Mass Effect™ Legendary Edition 20210512005736

We've waited an entire console generation for BioWare to finally remaster the Mass Effect trilogy, but it looks as though our patience has been rewarded with a collection that goes above and beyond. Ideally, we would be bringing you a full review of Mass Effect Legendary Edition right now, but we simply haven't had it long enough to play more than a chunk of the first game. As such, we can't say for sure whether Mass Effect 2 and Mass Effect 3 are on par with what we've seen from Mass Effect 1 — but just know that our expectations have been surpassed so far.

All of the screenshots used in this article were taken directly from our PS5. Some were taken using Legendary Edition's new photo mode, but we didn't use any of its editing tools.

Legendary Edition's version of Mass Effect looks like a different game — and we mean that in the best possible way. BioWare has really gone to town on the 2007 RPG, overhauling its visuals across the board. Characters and environmental assets have been replaced with much higher quality models. Textures have been enhanced significantly. The lighting's been redone. The whole galaxy's been pumped full of colour. But all of these changes don't rob Mass Effect of its charm. Sure, it doesn't look like the screen's coated in mud anymore, but the series' trademark use of lens flare remains, and it's essentially the exact same game in terms of design. At a glance, it could pass for a recent PS4 release, and that's no small feat.

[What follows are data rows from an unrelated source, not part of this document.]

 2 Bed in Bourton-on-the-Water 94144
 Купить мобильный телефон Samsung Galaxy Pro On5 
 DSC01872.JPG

Sit down to watch some gameplay, though, and you'll see that only so much can be done to modernise a title that was already janky upon its release 14 years ago. Animations are comically stiff, and every human who isn't a party member still looks like a waxwork that was deemed too creepy to be put on display.

Thankfully, what was by far Mass Effect 1's biggest issue has been remedied — at least on some level. It's fair to say that the original adventure was, at worst, an absolute chore to play, but BioWare has tweaked the controls and gameplay balance to a very noticeable degree. Movement is way more responsive, guns actually pack some punch, and you no longer have to pray to the RNG gods that your bullets will find their mark. Mass Effect now plays like a third-person shooter. An incredibly basic one, by today's standards, but it's a gigantic improvement nonetheless.

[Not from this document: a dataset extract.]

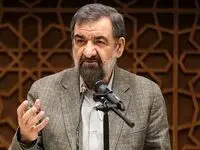 ویژگی برجسته ابراهیم رئیسی از نگاه محسن رضایی /صالحی: رئیسی و امیرعبداللهیان نام نیک از خود به جای گذاشتند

Even the cursed Mako has been improved. The six-wheeled space-tank plays quite a large role in the first game, as Commander Shepard and his allies use it to travel across the surface of desolate planets. Back in 2007, it was a nightmare to drive; it always felt as though it was skidding across ice, and it bounced along bumpy terrain like it was made of rubber. Again, it's more responsive, tighter controls that win the day. We're still not huge fans of the Mako sections since the vehicular combat is just so boring, but we no longer dread having to pilot the thing.

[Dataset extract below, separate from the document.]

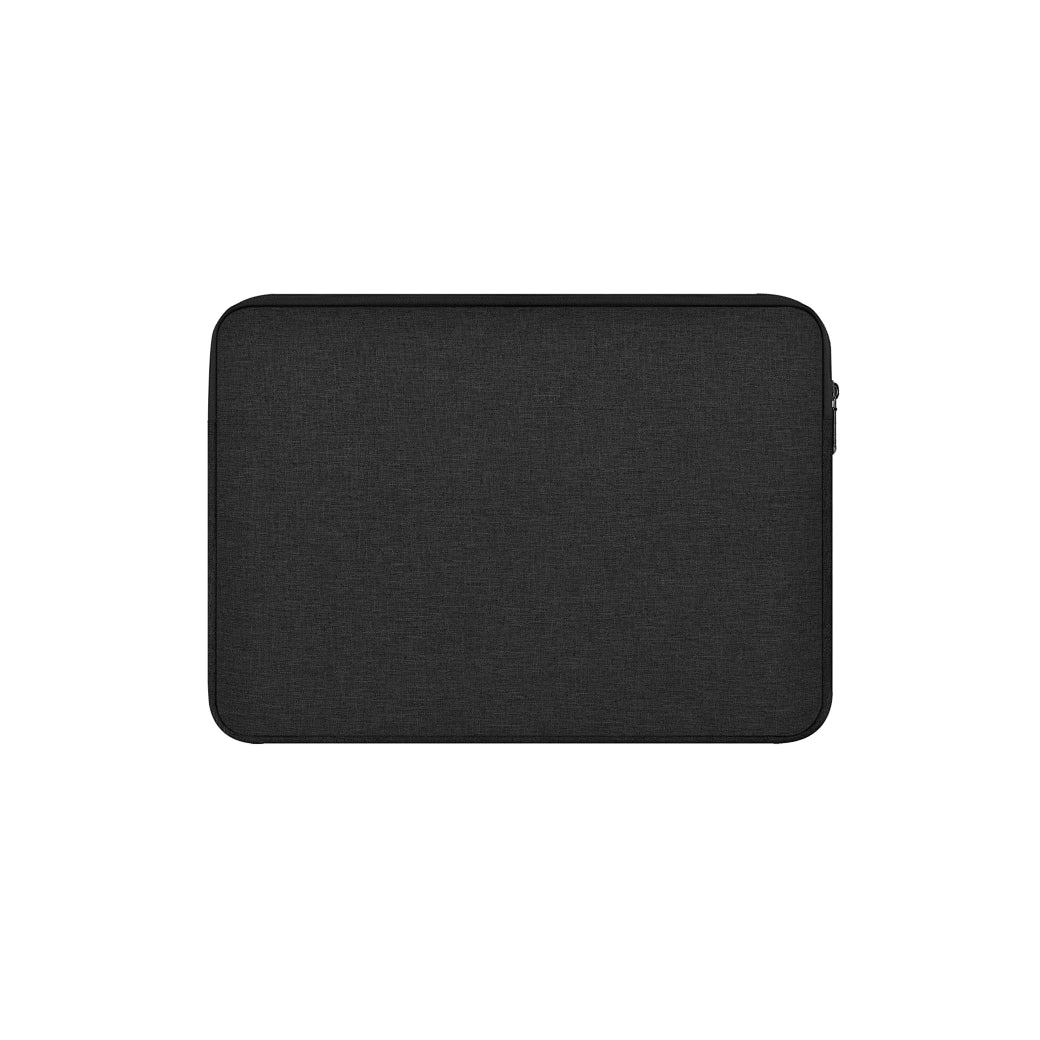 WiWU 14 inch & 15.6 inch Minimalist Laptop Sleeve for Macbook Air 2020 Protective Minimalistic Laptop Sleeve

In terms of performance, Legendary Edition plays like a dream on PS5. The game's quality mode offers 4K support at 60 frames-per-second on Sony's current-gen console exclusively, and it's a beautiful thing. Those on PS4 Pro and PS4 can also opt for a "targeted" 60fps via performance mode, but it comes at the cost of being capped at 1440p on Pro, and 1080p on PS4.

Oh, and those damned elevator rides? Over in a flash. You can still wait it out in order to hear unique banter between your squadmates, but you're otherwise free to skip ahead after just a few seconds. Likewise, fast travel is, well, fast. Teleporting between areas on the Citadel is near instantaneous on PS5, which is a huge plus given the amount of legwork that several sidequests require.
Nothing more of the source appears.